With Crown and defence closing arguments and instructions from Judge Robin Baird complete, the jury in Kevin Douglas Addison’s trial is deliberating whether he’s guilty of murder.
In B.C. Supreme Court Tuesday, Baird told jurors that Addison, 49, is charged with the first degree murders of Michael Lunn and Fred McEachern and attempted murders of Earl Kelly and Tony Sudar. The charges stem from an April 30, 2014 shooting at Western Forest Products’ mill in downtown Nanaimo
Prior to instructing jurors, Baird summarized Crown and defence cases and said there was common ground.
It was clear, Baird said, that on the day of the incident, Addison walked from his residence on Kennedy Street to the mill on 31 Port Dr.

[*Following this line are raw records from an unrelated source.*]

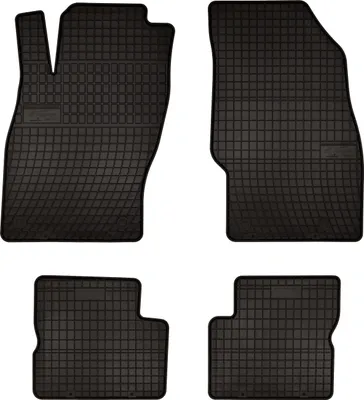 Image de Tapis de sol voiture en caoutchouc pour Opel Corsa D (2006-2015, hatchback) Noir, lot de 4 pièces, fixations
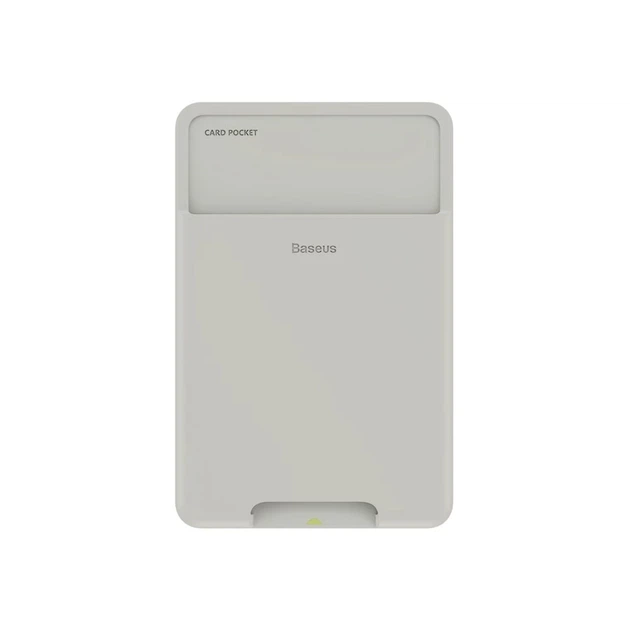 Магнитный кошелек Baseus Back Stick Silicone Card Bag Grey with MagSafe (ACKD-B0G) - изображение 3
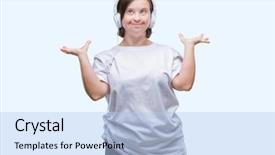  Presentation with down syndrome special education - Theme enhanced with open eyes screaming excited winner background and a  colored foreground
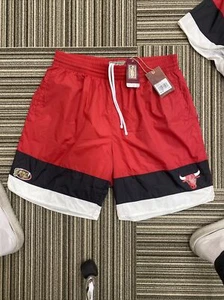 NEW MITCHELL AND NESS HWC STRIPED WARM UP SHORT 1996 FINALS XL - Picture 1 of 10
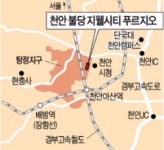 천안 불당 지웰시티 푸르지오, 천안 신주거지 불당신도시 중대형 1758가구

He had a modified 12-gauge shotgun concealed within the right leg of his blue jeans.
When Addison arrived on site, he shot and killed Lunn and entered the plant’s administration office where the shotgun was fired a number of times, which resulted in McEachern’s death and injuries to Kelly and Sudar.

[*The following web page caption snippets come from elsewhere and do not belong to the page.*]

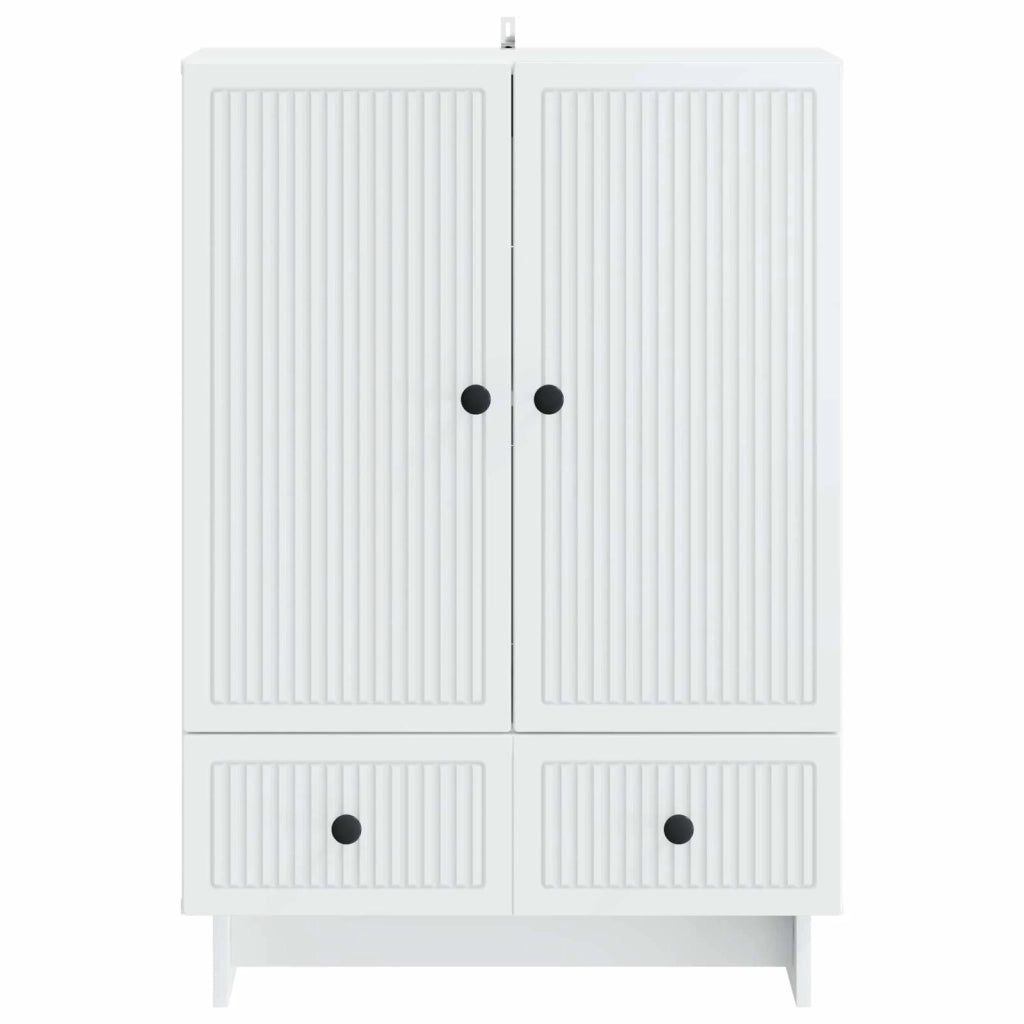 Credenza Bianco 66 x 34,5 x 95 cm Legno ingegnerizzato 893975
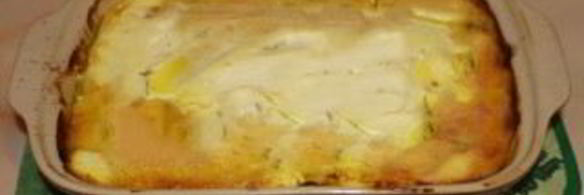 картофельная запеканка с курицей и сыром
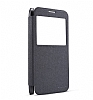 Nillkin Samsung Galaxy E7 Sparkle Pencereli nce Kapakl Siyah Deri Klf - Resim: 1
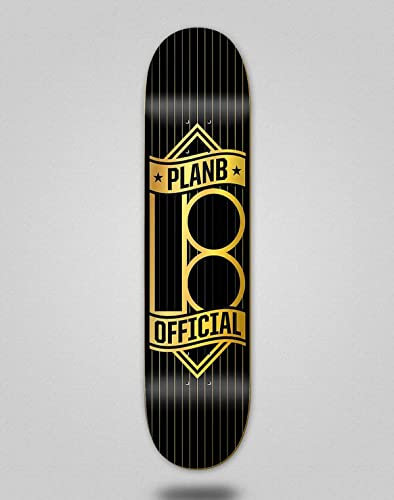 Plan-B Monopatin Skateboard Deck Banner Gold 20,3 x 31,75
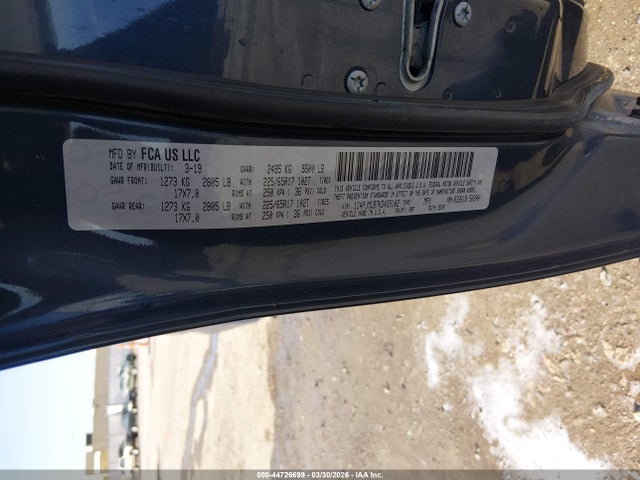Продажа на аукционе авто 2019 Jeep Cherokee Latitude 4x4, vin: 1C4PJMCB7KD433102, номер лота: 44726699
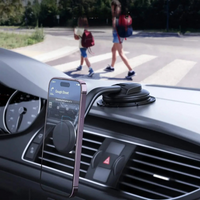 Yhteensopiva universaali magneettinen puhelintuki – Kiinnitys kojelautaan 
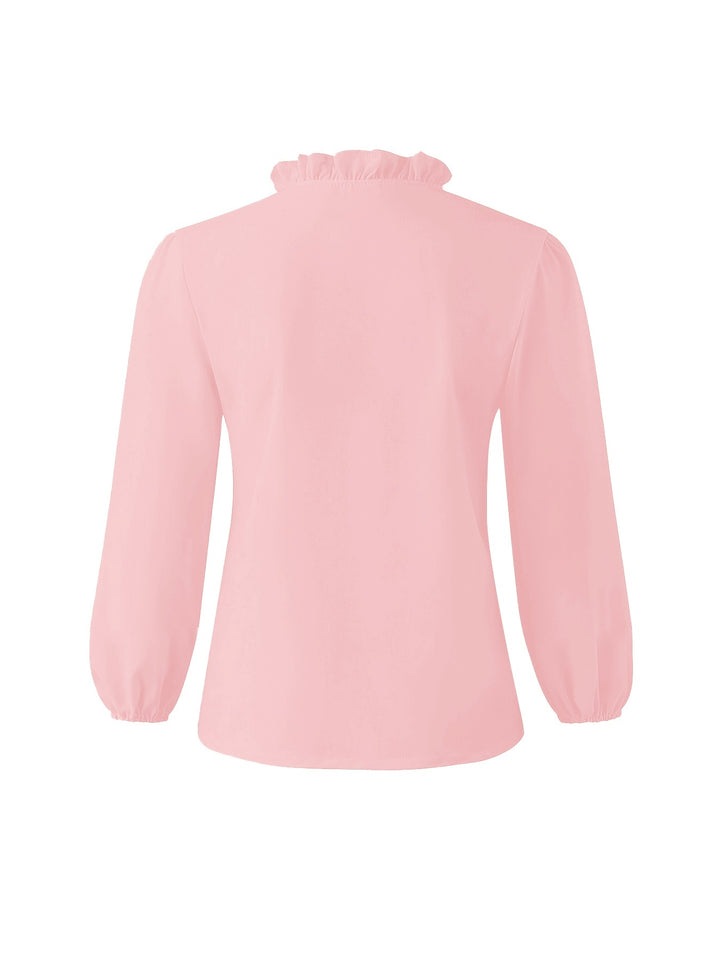 Genevieve | Ruffled V-Neck Blouse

Baird told jurors that during Addison’s testimony, he admitted to shooting and killing Lunn without provocation, however he claimed that he had no intent to kill.
Addison also acknowledged that McEachern was killed and Kelly was injured from shots from his shotgun, although he claimed the discharge of shots was unintentional. The gun went off twice when Addison was struggling with Andy Vanger, a mill manager.

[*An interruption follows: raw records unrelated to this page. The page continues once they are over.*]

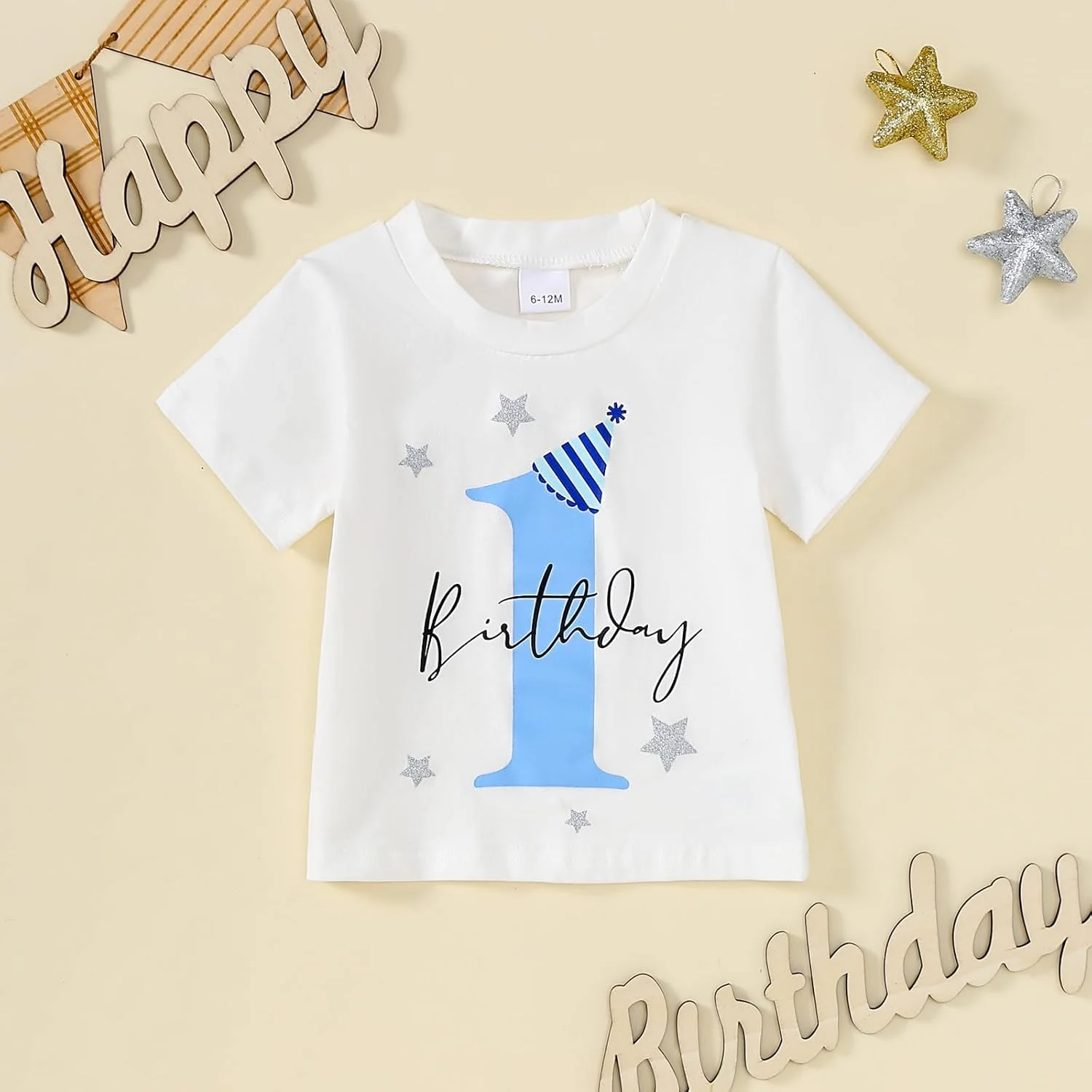 لباس تولد یک سالگی پسرانه، تی شرت تولد یک سالگی، لباس یک سالگی، هدیه تولد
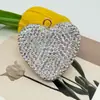 Accesorios para Llavero de Corazón Full Diamond Transfronterizos Colgante para Llave de Coche Colgante en Forma de Corazón Incrustado de Diamantes DIY Encanto para Bolso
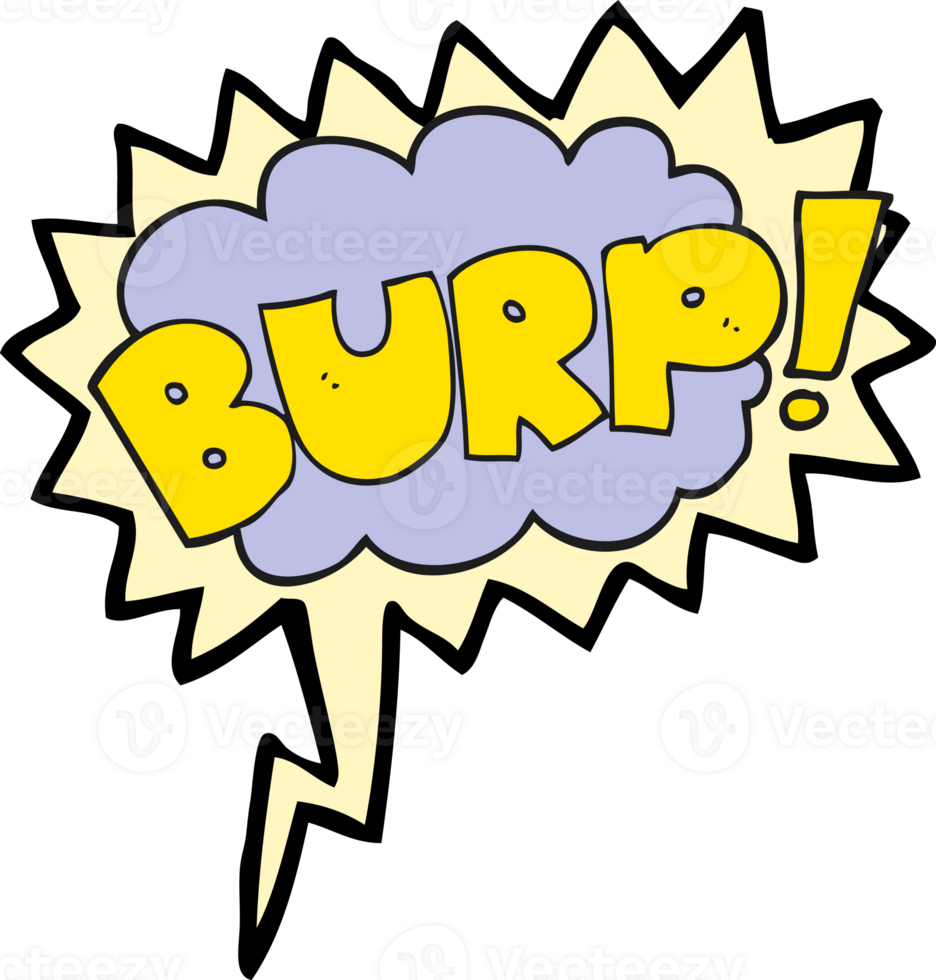 speech bubble cartoon burp text png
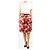 Weekend Max Mara Falda de jacquard floral roja - size UK 14 - vista 2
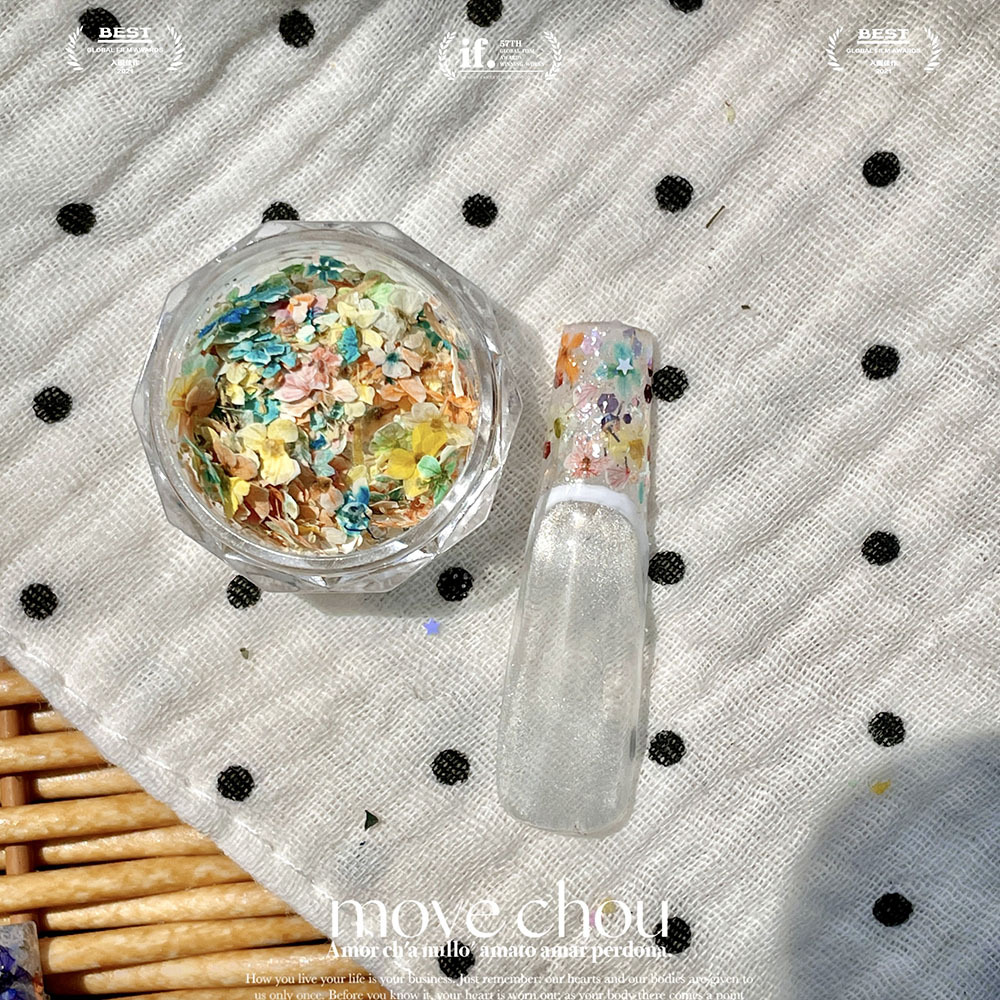 Spring French Flower Artwork Niche New Nail Art Three-dimensional Camellia Multicolor Floral Nail Art Jewelry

Addison also denied that he shot at, or intended to kill Sudar and conceded that Sudar must have been hit by discharge from the gun, but Addison said he did not point it or shoot it at Sudar. He said he didn’t recall any aspect of the situation that might have resulted in a shot being fired in a northerly direction.
Baird said it was Crown’s summation that Addison was suffering from depression, but he knew what he was doing and acted with “precision and deliberation.” Addison had a long-standing grudge against Western Forest Products and in particular, Lunn, McEachern and Vanger. Addison was under the impression Lunn, a mill union representative, had failed to adequately represent him in grievances against the mill. Addison thought Lunn and Vanger had made a deal to ensure he wouldn’t be hired back after a 2008 mill closure. Addison thought McEachern had tried to obstruct him from getting a job as a cut-off saw operator around 2008, preferring to hire more junior workers, including the plant manager’s son. Addison also learned that McEachern was doing union work that Addison thought he should’ve been recalled to do.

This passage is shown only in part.